LF snuck out of a corporate do and in a healthy role reversal, I drove by to pick him up. The plans were to steer clear from the bottle but, I could not resist.

My archilles’ heel was in the form of a gorgeous Gerwertztraminer, 2006. As delicious as it was, I found myself yearning for a good red. Comes with the season, I suppose.

I did wish that I was better dressed for dinner. Truthfully, I have a level of admiration for women who preen flawlessly. Most days, I struggle to make sure that I have enough sunscreen on. Yet, there they are, all coiffed and decked in their Sunday best, all the time.

New resolution: Be well-dressed all the time.

Merry Christmas!





T for Traumatic

10 11 2008

The alphabet of the day – T

Life is full of first’s. Last night was the first time I heard traumatic in the same breath as my name. And they say that men aren’t good with words. 

Wot a winner.





No, M’am! Yes, M’am! *curtsy*

21 08 2008

It is not a party until someone comes dressed in theme. Every halloween night, BBQ, birthday, bridal shower, heck even a wedding comes with a theme. One would think we’d run out of ideas by now. With an upcoming pool party, the theme is “Ozzie” as in “hey there mate, let’s have a barbie” as opposed to Osbourne munching on a dove’s head.

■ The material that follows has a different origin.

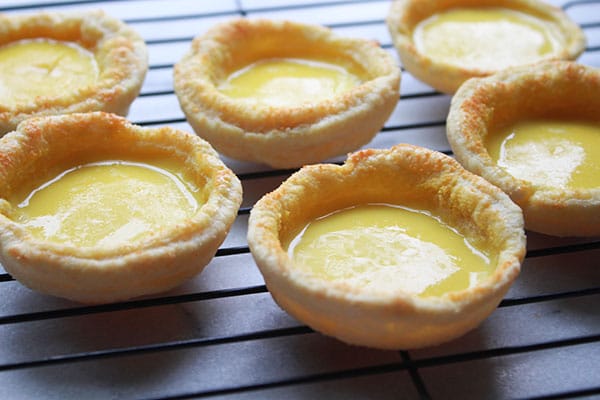 Chinese egg tarts on a cooling rack
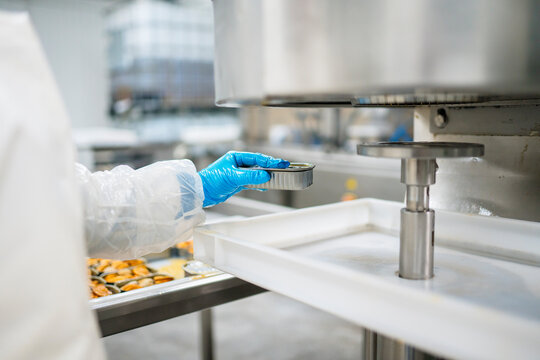 Crop worker sealing can of mussels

Obviously, someone is sick of my usual uniform -black so, a non-descript warning came in the mail

“….the original theme WAS to follow the colours of the australian flag but…the colour theme has been extended, and now you have MORE colour options of red, blue, white, green, and yellow. There you go, almost all the colours of the rainbow. No more excuse to wear BLACK anything except the colour of your hair, your eyes, eyebrowns and dare I say BIKINI LINE!”

I love them.





The wedding.

15 10 2007

The dress arrived earlier than expected. Unfortunately, it was ALOT larger than expected as well. So, I met with my seamstress to get the sides tucked in, the lace sleeves shorten slightly and the bust pulled up because, I do not want to get thrown out of church.

It is gorgeous though.

SK’s nephew is too adorable for words. This is him learning to potty. And no, no one gave him the reading material. He picked it up on his way there.